So when he offered to make dinner earlier in the summer, I knew what to expect. Meat, with a side of meat. Ribs were on special and I had thought about tackling them myself but knowing Marc had made them before I knew best not to mess with a good thing. He made it look so easy. And they were the most amazing ribs I'd ever had. I knew I should just give it a go sometime.
This past weekend was the last long weekend of the summer (if you can call it summer!) and although it rained the entire time and I had pretty much declared summer over, I thought ribs would be a last ditch effort at getting a little taste of summer and an easy bbq cheat (since we lack the essential piece of equipment a bbq doth make).

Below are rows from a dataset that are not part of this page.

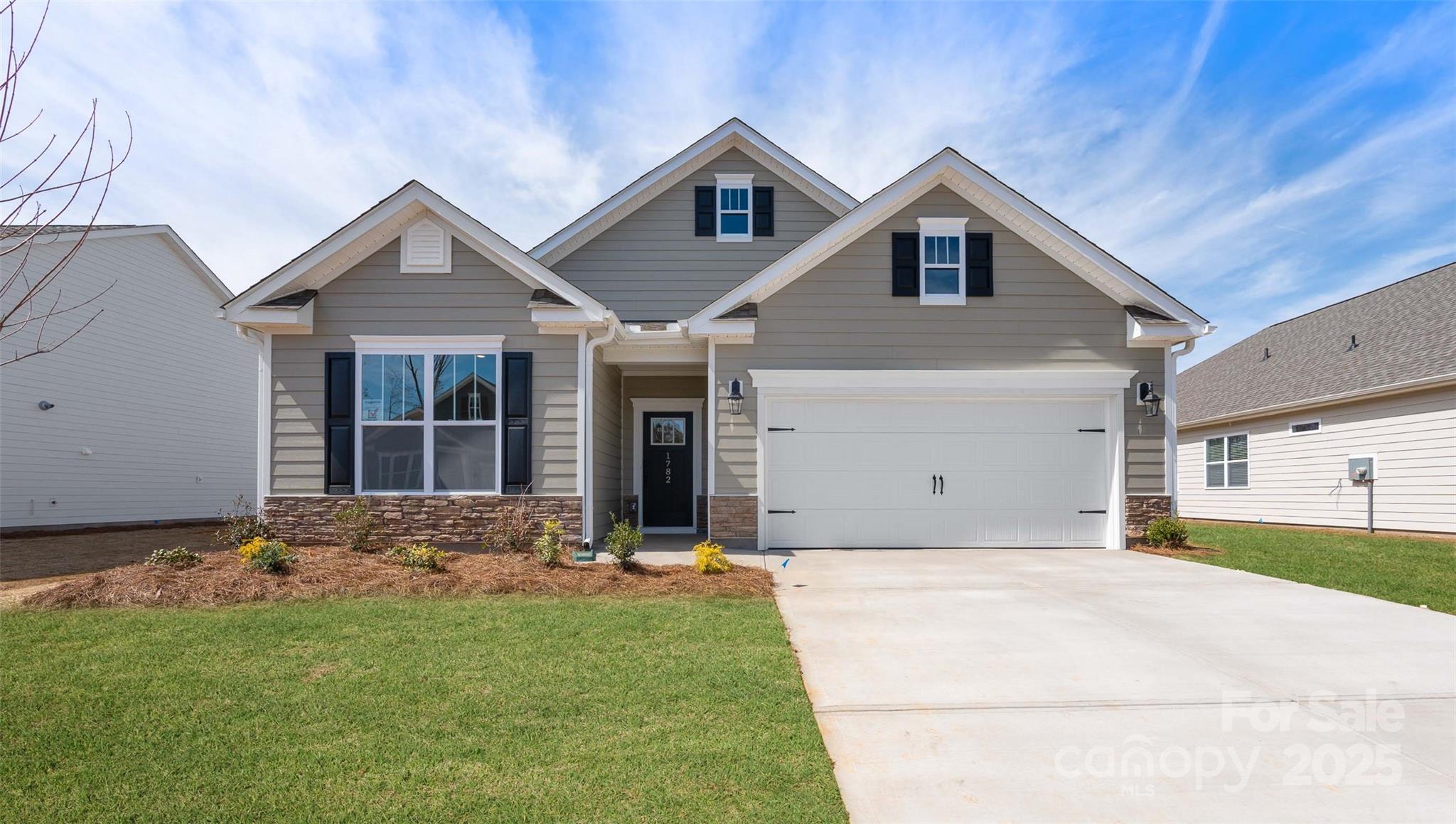 610 River Bottom Road, Fletcher, NC — property listing photo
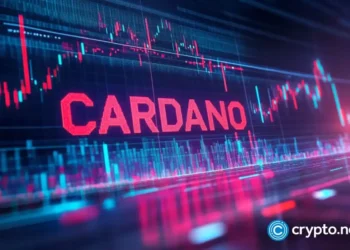 Cardano price falls 4.7% as Grayscale drops ADA ETF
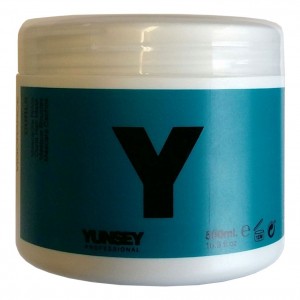 Yunsey Vigorance Curls Hair Mask 500 ml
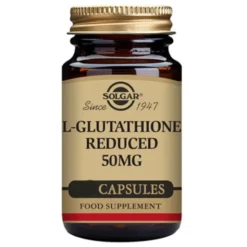 Solgar l-glutathione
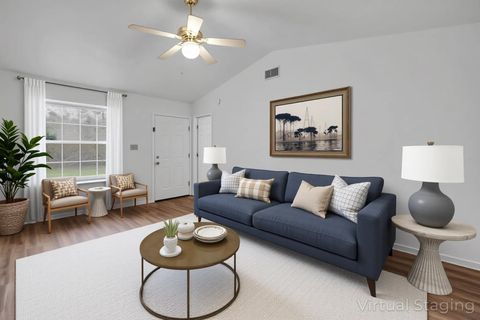 Photo of 4027 Catawba Street #B, Tallahassee, FL 32303 (MLS # 393563)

Back when Marc had made ribs, he had noticed a distinct lack of barbeque sauce in the condiment aisle, necessary for the sauciest of ribs. We have a small supermarket around the corner from our house and I'm sure size is responsible for the slim pickings but I found something new this time around:
In honour of our recent family trip to Ireland (fondly referred to as Fam Jam 2011) where copius amounts of Guinness were consumed (Coors Light for the mumster - I know, we couldn't believe it either) I decided to use this to saucify my ribs. The recipe is easy and can be adjusted for as many or as little people you are cooking for.

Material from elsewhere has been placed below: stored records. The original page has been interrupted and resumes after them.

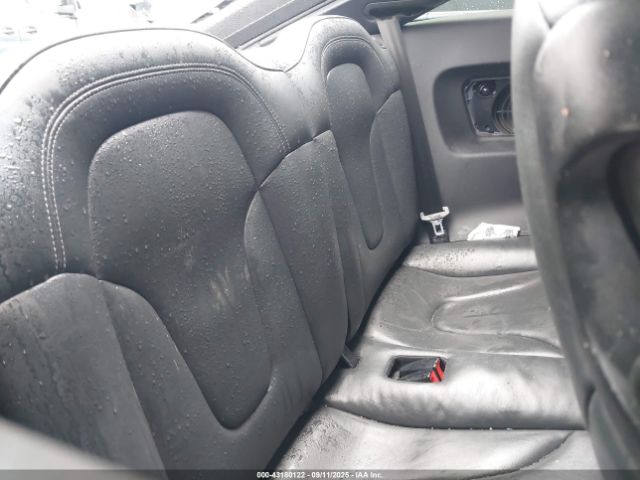 2013 AUDI TTS TRUB1AFK6D1010302 Photo 7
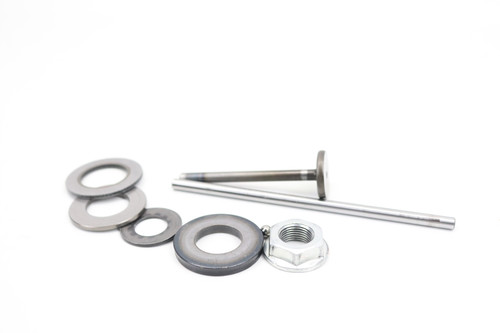 YZ65 / YZ85 18–25 Clutch Push Rod & Hardware Set Yamaha #310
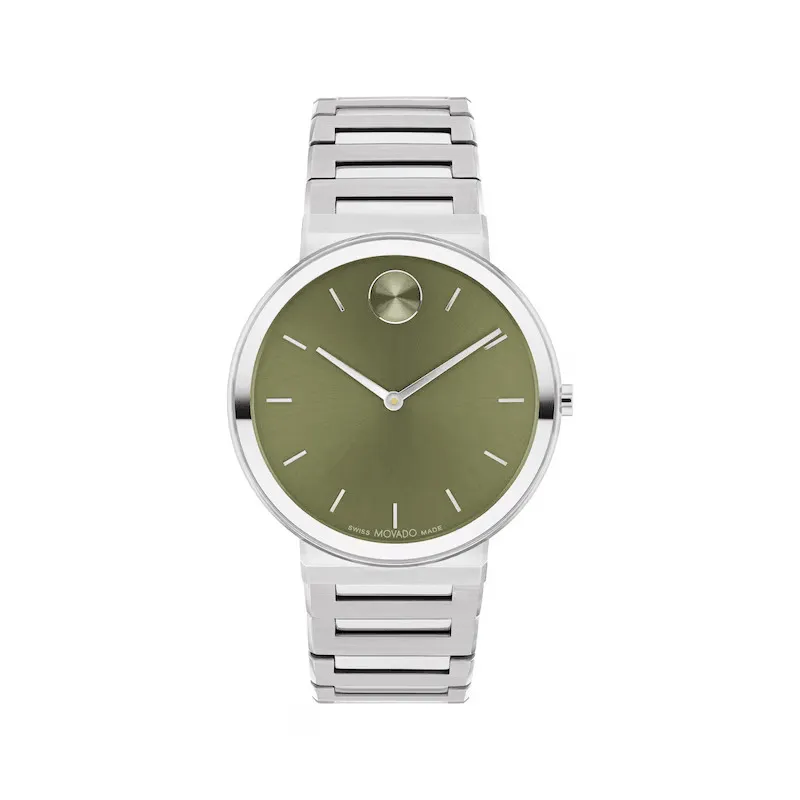 Movado BOLD  Quartz Men's Watch 3601074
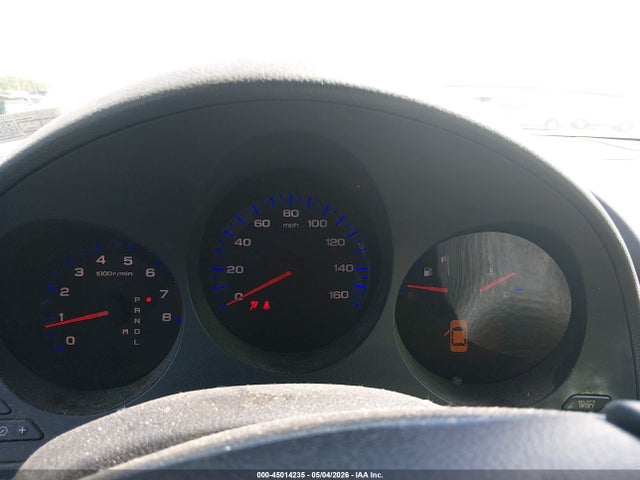 Aukcja sprzedaży 2006 Acura Tl, vin: 19UUA66256A010439, numer aukcji: 45014235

Kindly shared by my brother, it goes a little like this:
2-4 trimmed rack of ribs (or as many as you need)
2 oranges sliced (or enough to cover the bottom of your pan)

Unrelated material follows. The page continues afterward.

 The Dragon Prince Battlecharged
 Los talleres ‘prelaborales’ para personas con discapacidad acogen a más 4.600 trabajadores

1-2 shots of whiskey (optional)
Pre-heat the oven to 180°C/350°F. Lay the sliced oranges at the bottom of your pan. Place the ribs on top of the orange slices and don't worry if they overlap slightly. Add water (and whiskey if using) to just cover the orange slices. Cover the pan with foil and bake for 3 hours or so. Remove from the oven and glaze both sides with barbeque sauce.
Now here is where I would put them on the bbq, or at best under the grill in the oven. Well you already know that we don't have a bbq and well, our grill is broken and has been, ahem, since we moved in, 4 years ago. So I popped them back in the oven for a bit and just hoped for the best. I should have kept a close eye on them and glazed them a few more times because those babies crisped right up and got a little burnt on the edges. Marc had forgotten to tell me to keep on glazing. Whoopsy! So whether you are finishing them off on the bbq, under the grill or baking in the oven, keep on glazin' on.
I served them with roasted potatoes and sweet corn but decided while eating, that the ribs would be best served with things you can eat with you hands (now I see why wings are served with crudités). Picking up a sticky fork is just not nice.
And if you happen to have some crispy edges, just choose the best rack for yourself, like I did. The men will just be happy to be eating meat!